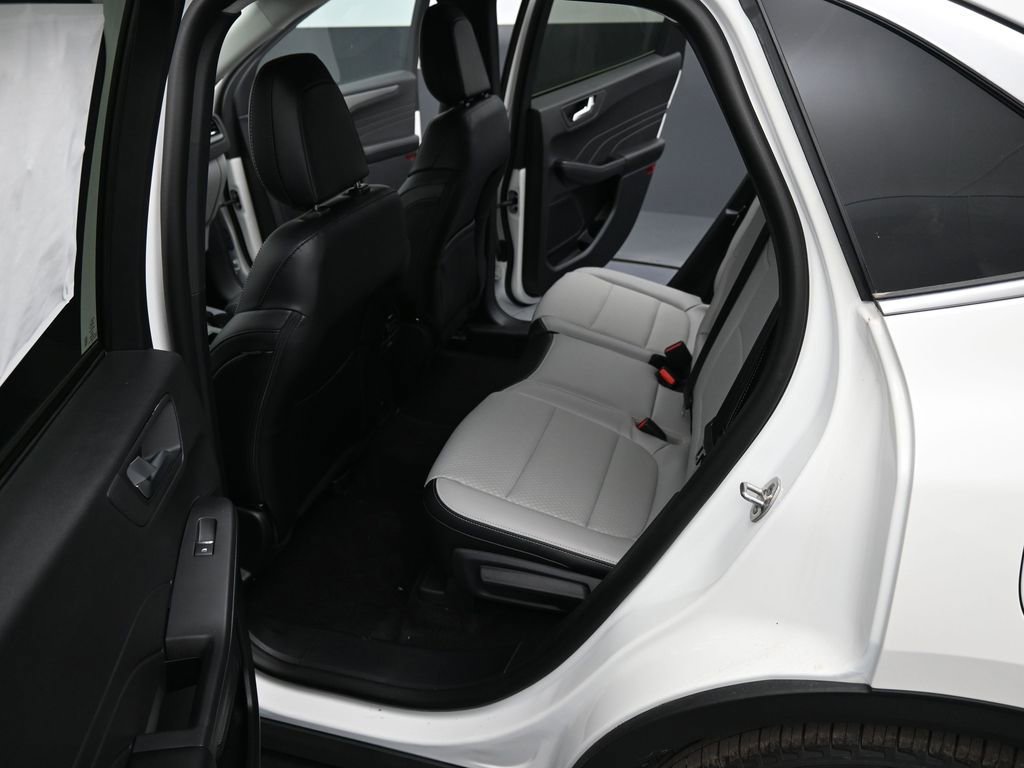 New 2025 Ford Escape SE FWD image 12
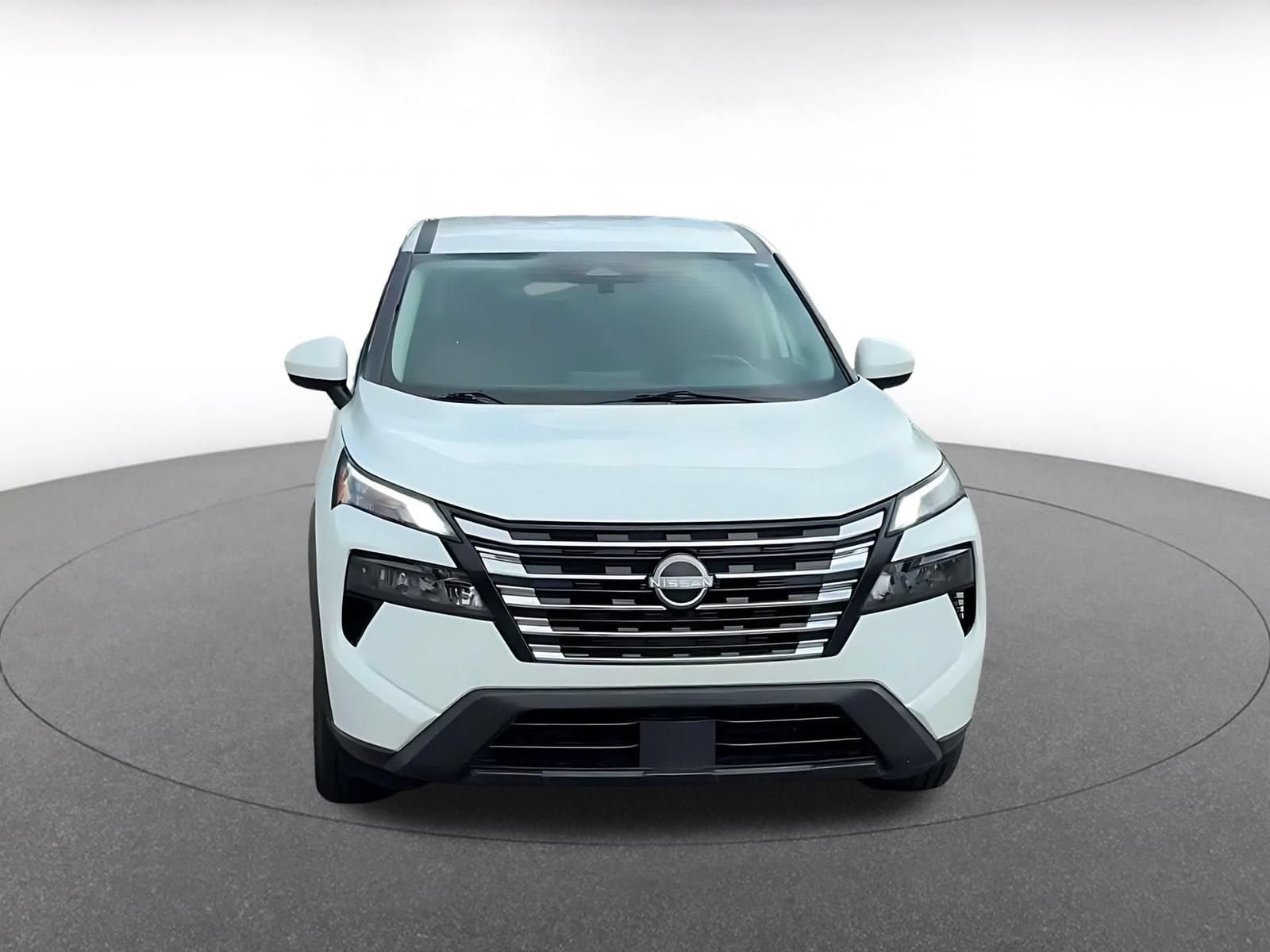 Thumbnail: 2025 Nissan Rogue - 4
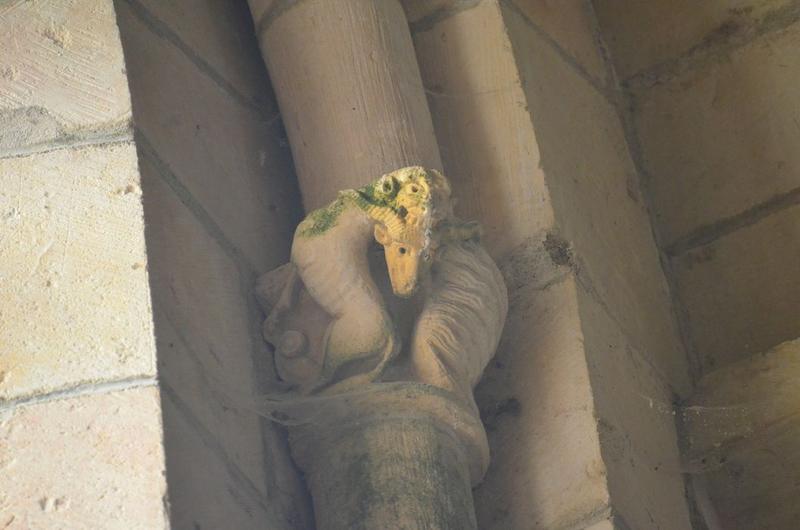 nef, détail d'un chapiteau sculpté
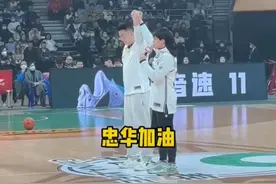 太突然！三次开颅，188cm顶级男神“容颜尽毁”，隐情曝光，全网心疼：太可惜了……图片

● Task to complete
The full listing, transcribed exactly and without its pictures, is the expected result.

● Task solution
 New 2025 Ford Escape SE FWD image 12
 Thumbnail: 2025 Nissan Rogue - 4
 nef, détail d'un chapiteau sculpté
 太突然！三次开颅，188cm顶级男神“容颜尽毁”，隐情曝光，全网心疼：太可惜了……图片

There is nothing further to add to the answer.